Brief descriptive captions
━━━

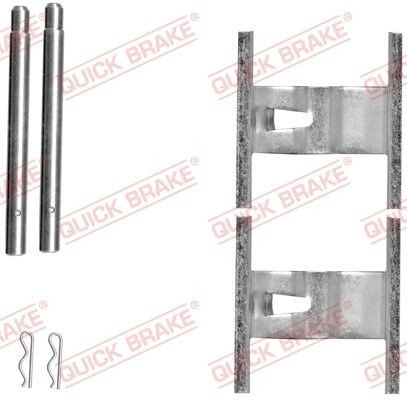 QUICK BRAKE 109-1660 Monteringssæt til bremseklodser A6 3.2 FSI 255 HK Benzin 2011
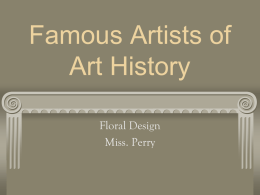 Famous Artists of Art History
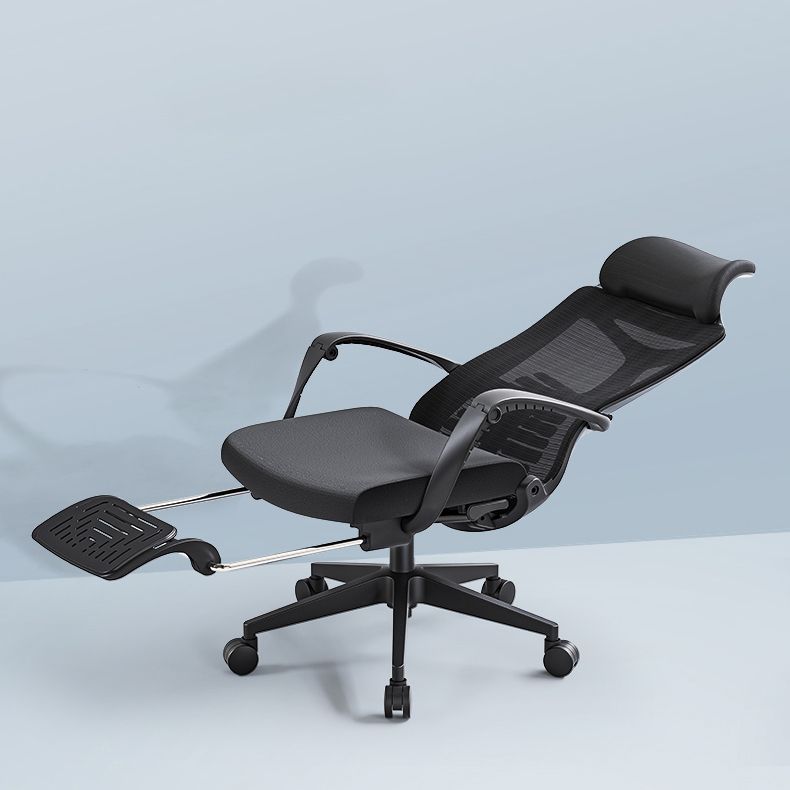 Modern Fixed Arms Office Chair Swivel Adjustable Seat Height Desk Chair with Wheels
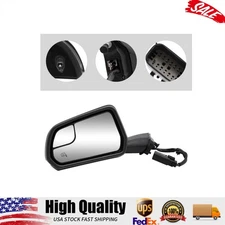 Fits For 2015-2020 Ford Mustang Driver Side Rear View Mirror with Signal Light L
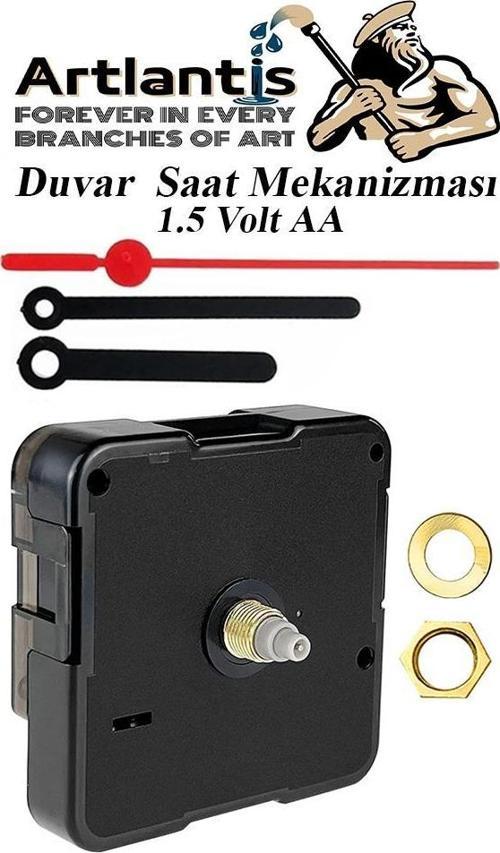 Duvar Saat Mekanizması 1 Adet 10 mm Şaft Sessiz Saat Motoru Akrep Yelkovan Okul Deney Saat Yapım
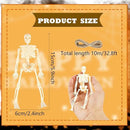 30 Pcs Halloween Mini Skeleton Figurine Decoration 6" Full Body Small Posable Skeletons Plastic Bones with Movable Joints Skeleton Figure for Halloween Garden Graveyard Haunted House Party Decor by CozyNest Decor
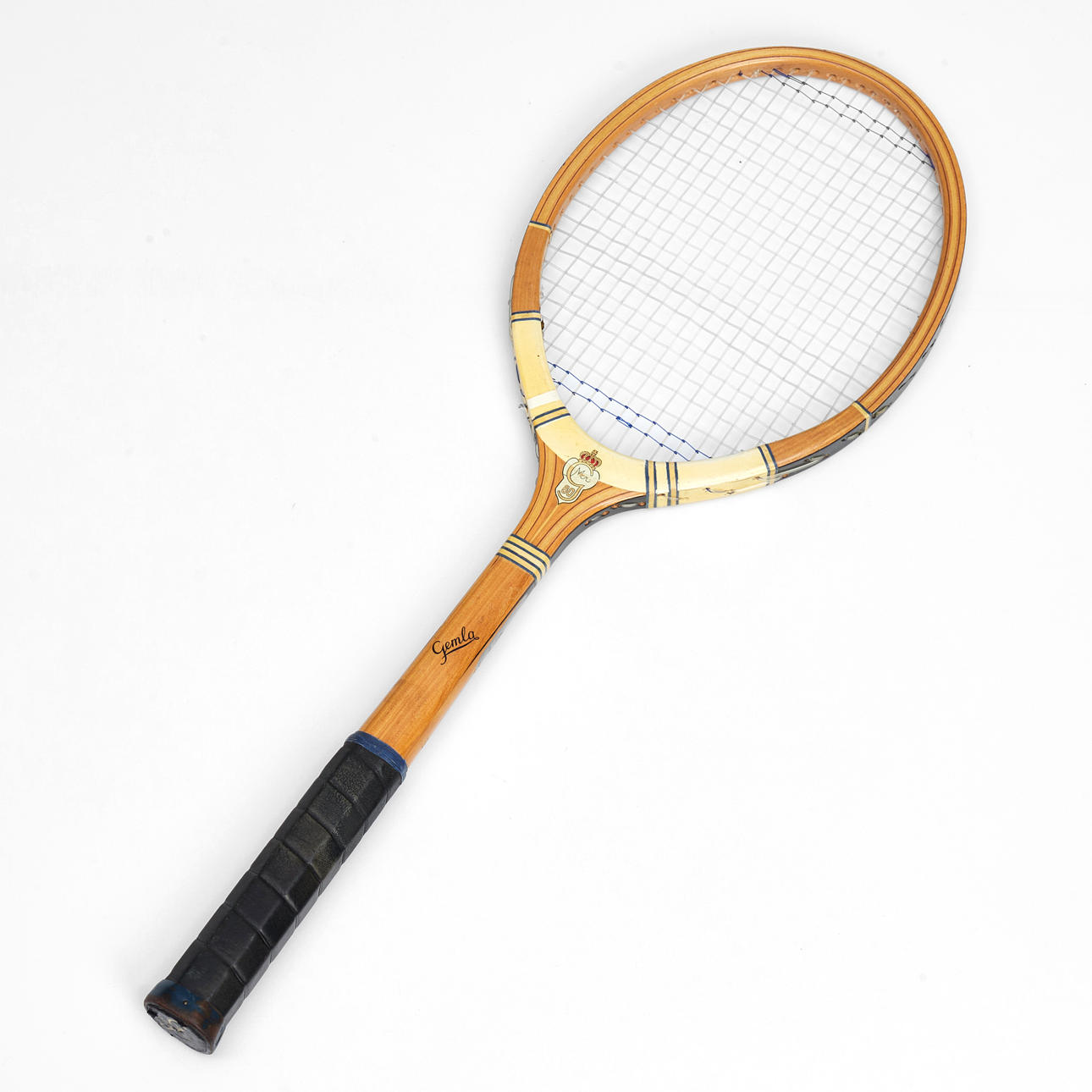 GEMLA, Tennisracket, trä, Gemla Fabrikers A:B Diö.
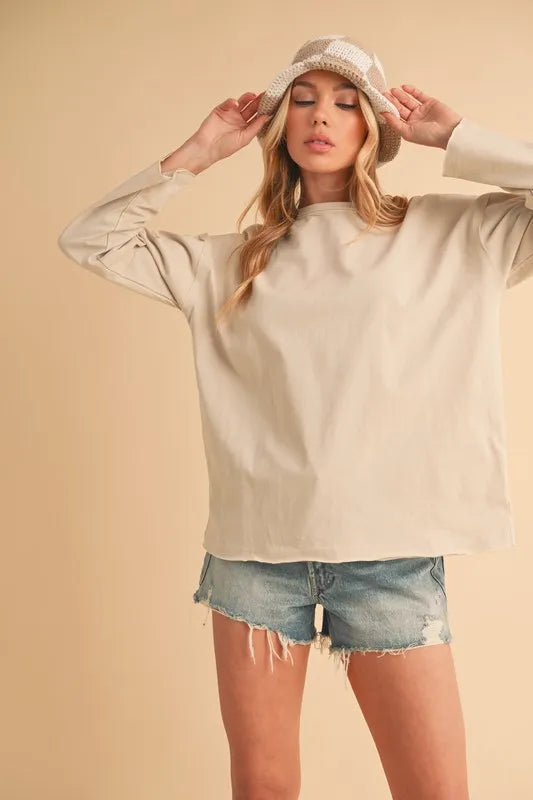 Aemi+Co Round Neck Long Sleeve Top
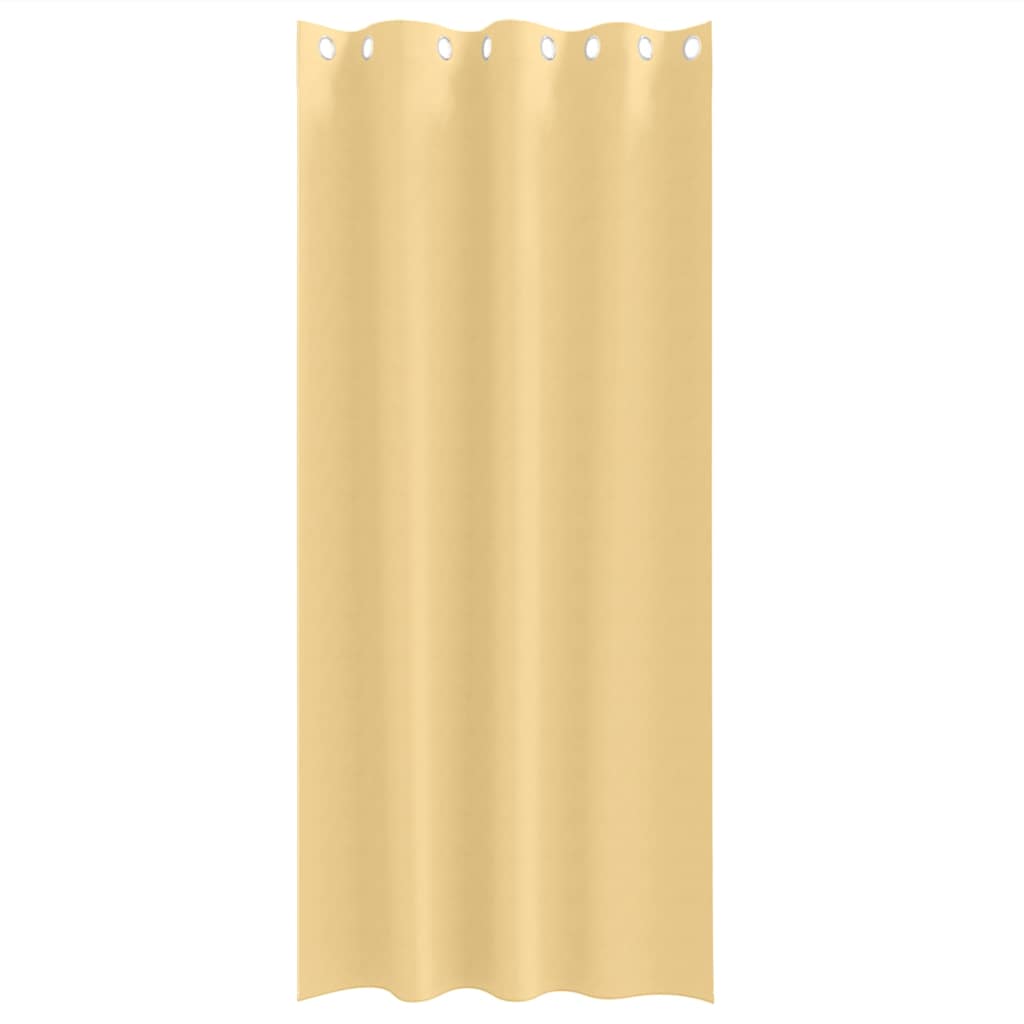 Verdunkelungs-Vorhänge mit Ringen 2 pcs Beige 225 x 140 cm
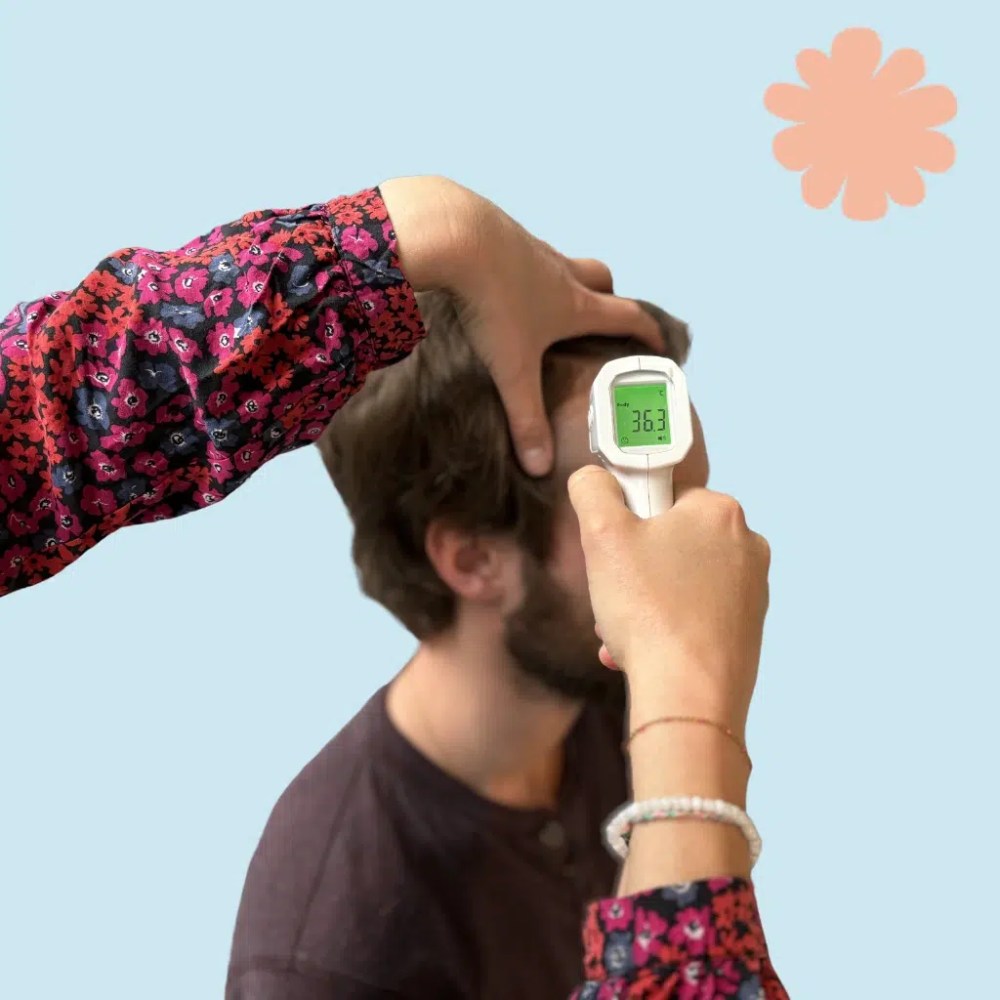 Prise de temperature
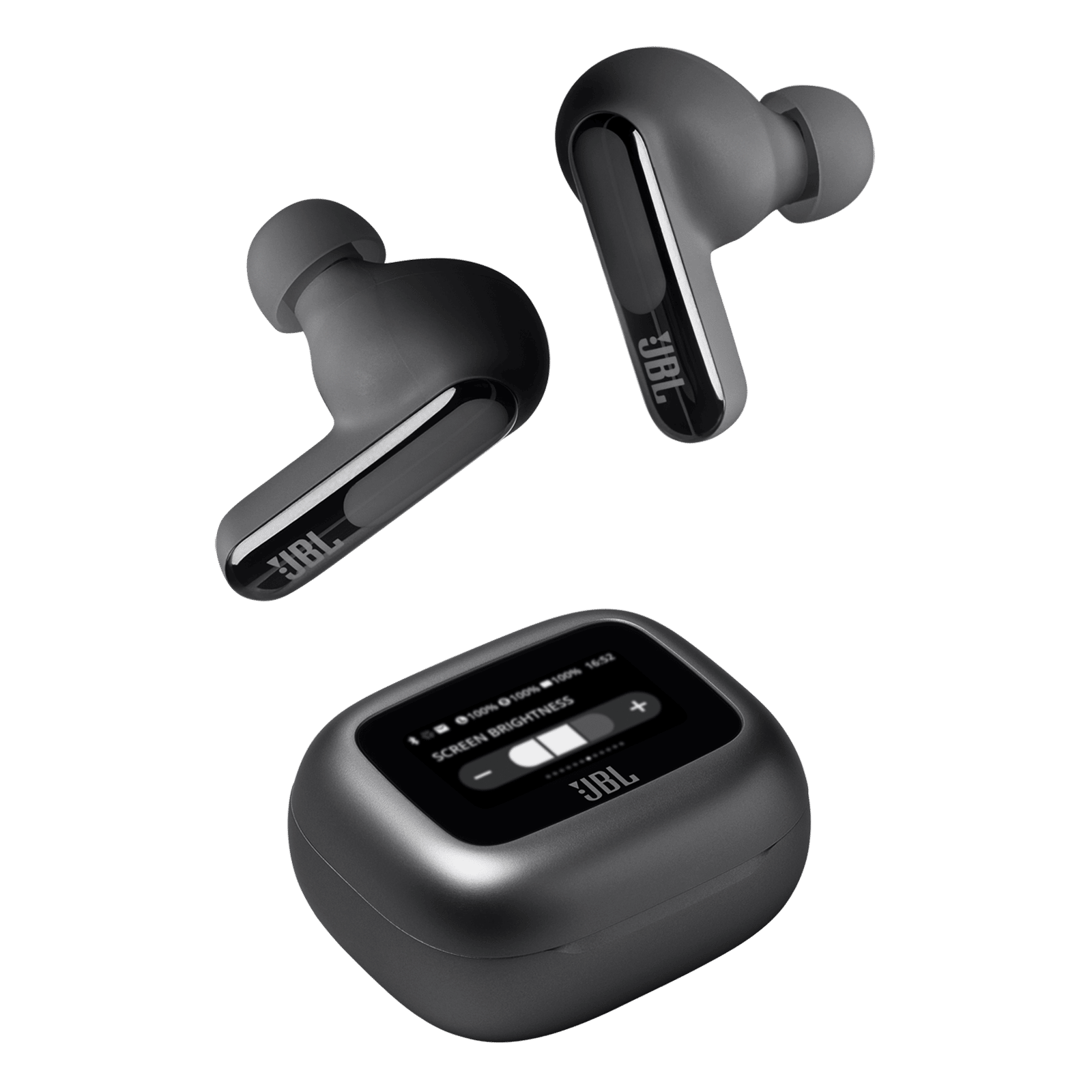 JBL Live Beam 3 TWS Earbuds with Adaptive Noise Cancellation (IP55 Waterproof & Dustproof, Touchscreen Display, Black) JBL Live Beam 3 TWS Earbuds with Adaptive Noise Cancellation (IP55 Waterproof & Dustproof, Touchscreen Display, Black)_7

━━━

Problem to solve —
In the entries above, find the line containing "GEMLA, Tennisracket, trä, Gemla"; transcribe exactly that line and every line after it through the end, and only those, omitting pictures.

Task answer —
 GEMLA, Tennisracket, trä, Gemla Fabrikers A:B Diö.
 Aemi+Co Round Neck Long Sleeve Top
 Verdunkelungs-Vorhänge mit Ringen 2 pcs Beige 225 x 140 cm
 Prise de temperature
 JBL Live Beam 3 TWS Earbuds with Adaptive Noise Cancellation (IP55 Waterproof & Dustproof, Touchscreen Display, Black) JBL Live Beam 3 TWS Earbuds with Adaptive Noise Cancellation (IP55 Waterproof & Dustproof, Touchscreen Display, Black)_7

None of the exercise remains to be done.